▶ RECORD SET
* * * * * * * * *

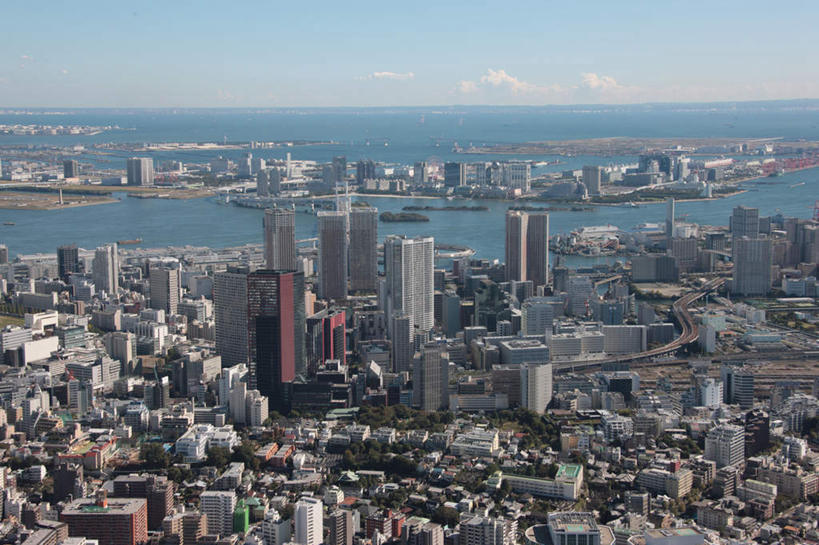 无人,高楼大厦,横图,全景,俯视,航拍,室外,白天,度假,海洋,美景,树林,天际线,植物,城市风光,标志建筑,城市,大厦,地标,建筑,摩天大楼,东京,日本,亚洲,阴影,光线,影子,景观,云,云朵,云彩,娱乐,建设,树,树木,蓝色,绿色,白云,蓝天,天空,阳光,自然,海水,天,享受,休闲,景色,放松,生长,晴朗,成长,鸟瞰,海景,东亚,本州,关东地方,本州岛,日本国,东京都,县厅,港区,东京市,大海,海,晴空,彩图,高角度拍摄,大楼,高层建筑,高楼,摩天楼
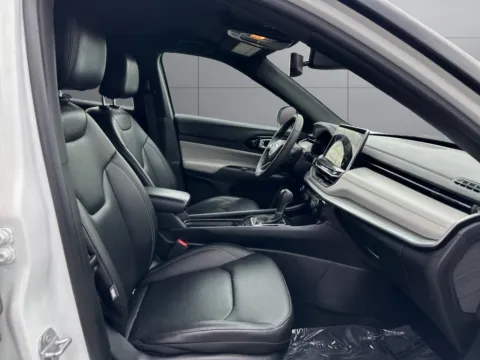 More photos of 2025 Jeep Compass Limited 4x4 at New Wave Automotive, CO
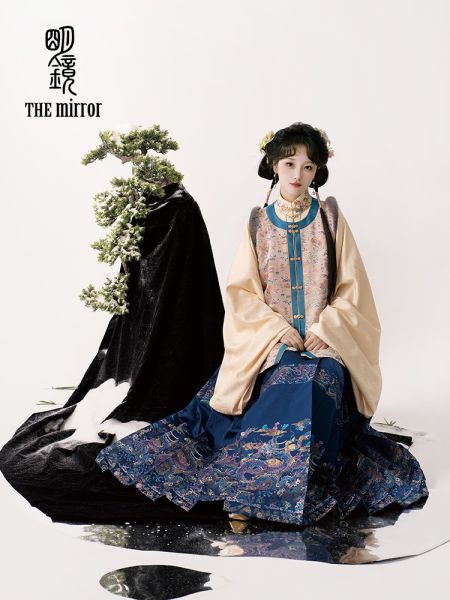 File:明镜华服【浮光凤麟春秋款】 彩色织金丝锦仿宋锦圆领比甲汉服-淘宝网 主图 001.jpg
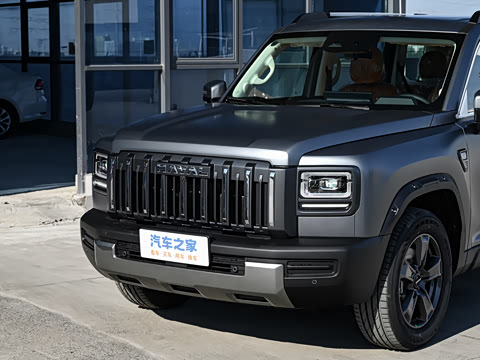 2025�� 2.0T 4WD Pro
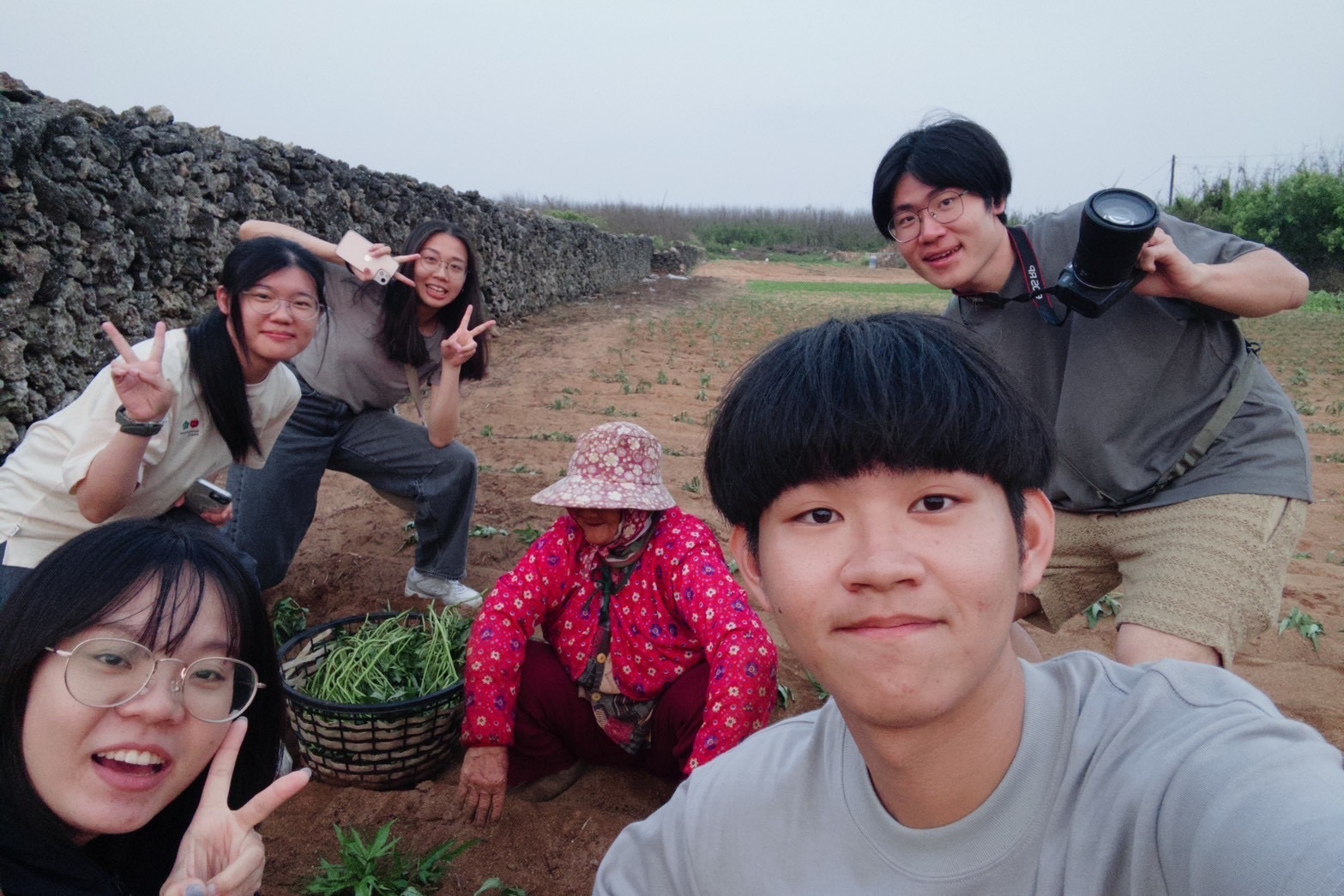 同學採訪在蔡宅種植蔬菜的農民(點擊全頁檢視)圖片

* * * * * * * * *

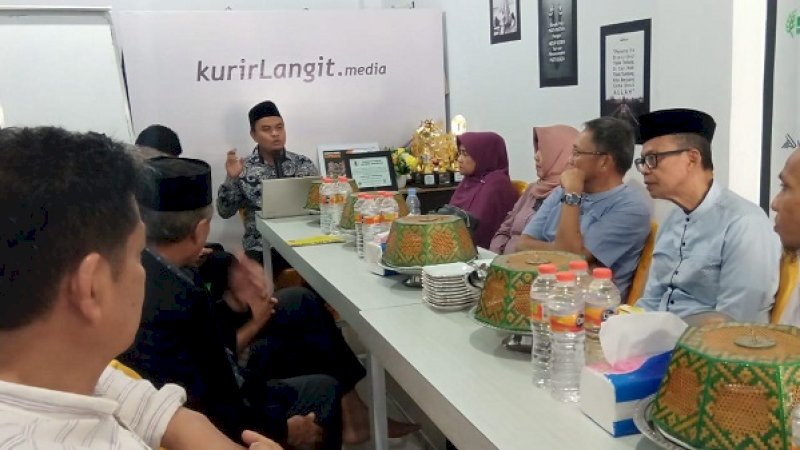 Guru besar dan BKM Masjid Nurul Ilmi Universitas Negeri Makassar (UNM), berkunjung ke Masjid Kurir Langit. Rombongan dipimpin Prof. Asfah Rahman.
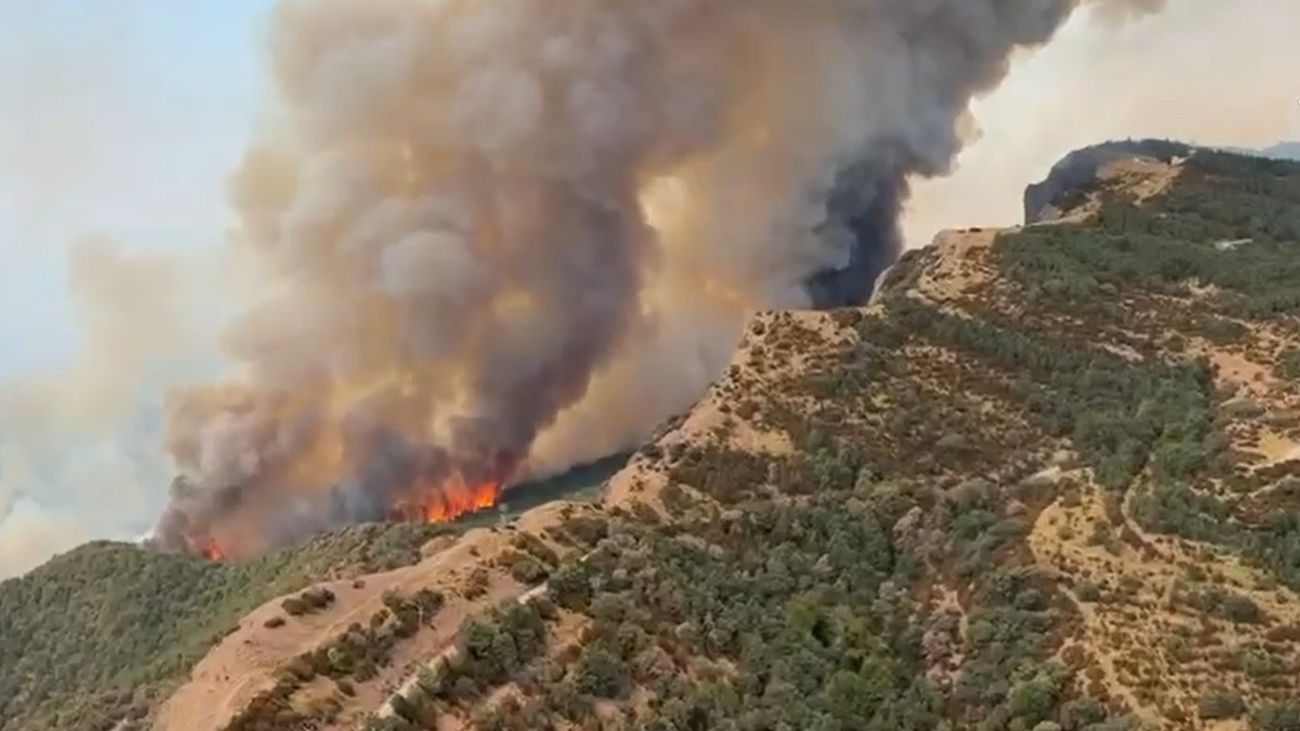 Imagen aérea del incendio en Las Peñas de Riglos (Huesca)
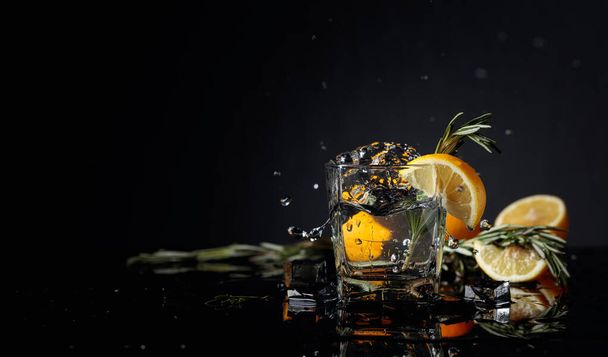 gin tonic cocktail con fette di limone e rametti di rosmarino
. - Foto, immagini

* * * * * * * * *

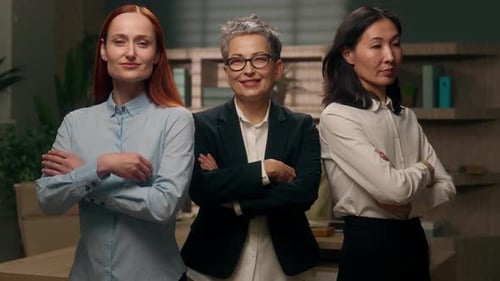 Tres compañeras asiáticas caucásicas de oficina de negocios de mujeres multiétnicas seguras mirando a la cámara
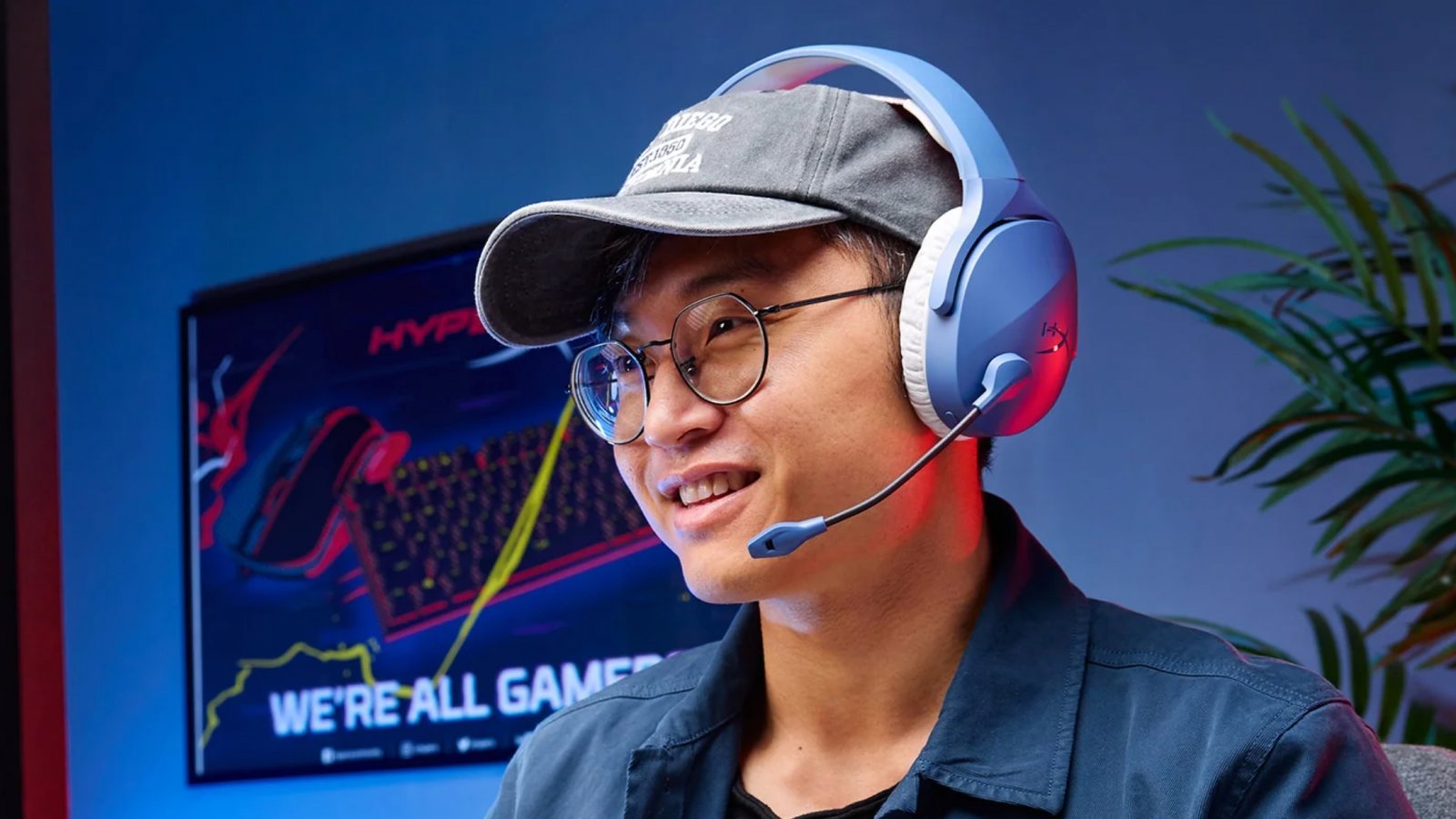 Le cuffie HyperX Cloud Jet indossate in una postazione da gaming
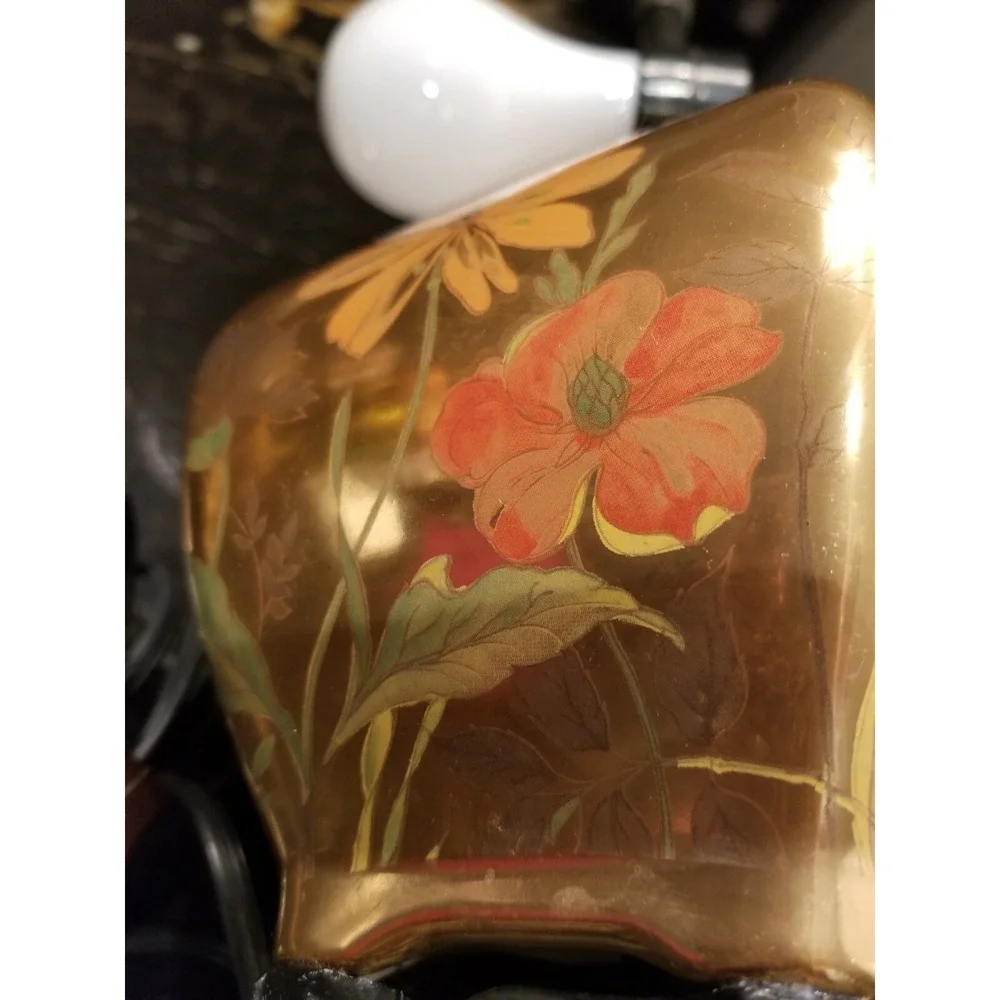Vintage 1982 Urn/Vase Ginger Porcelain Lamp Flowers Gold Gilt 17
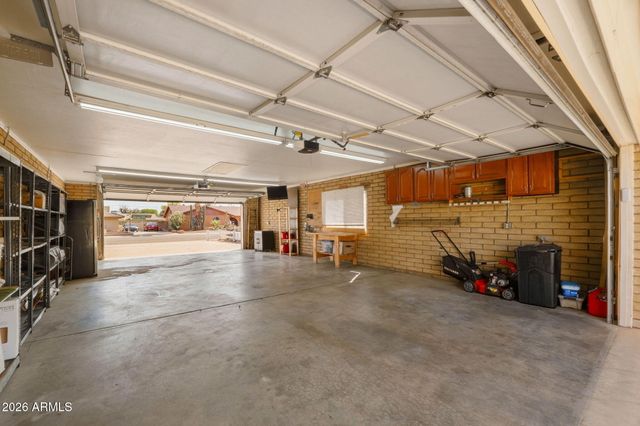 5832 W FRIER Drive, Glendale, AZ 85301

* * * * * * * * *

▶ WHAT THE TASK REQUIRES
Among the entries above, take the line with "无人,高楼大厦,横图,全景,俯视,航拍,室外,白天,度假", the line with "同學採訪在蔡宅種植蔬菜的農民(點擊全頁檢視)圖片", and all the lines between them, and restate them word for word without pictures.

▶ WRITTEN ANSWER
 无人,高楼大厦,横图,全景,俯视,航拍,室外,白天,度假,海洋,美景,树林,天际线,植物,城市风光,标志建筑,城市,大厦,地标,建筑,摩天大楼,东京,日本,亚洲,阴影,光线,影子,景观,云,云朵,云彩,娱乐,建设,树,树木,蓝色,绿色,白云,蓝天,天空,阳光,自然,海水,天,享受,休闲,景色,放松,生长,晴朗,成长,鸟瞰,海景,东亚,本州,关东地方,本州岛,日本国,东京都,县厅,港区,东京市,大海,海,晴空,彩图,高角度拍摄,大楼,高层建筑,高楼,摩天楼
 More photos of 2025 Jeep Compass Limited 4x4 at New Wave Automotive, CO
 File:明镜华服【浮光凤麟春秋款】 彩色织金丝锦仿宋锦圆领比甲汉服-淘宝网 主图 001.jpg
 2025�� 2.0T 4WD Pro
 同學採訪在蔡宅種植蔬菜的農民(點擊全頁檢視)圖片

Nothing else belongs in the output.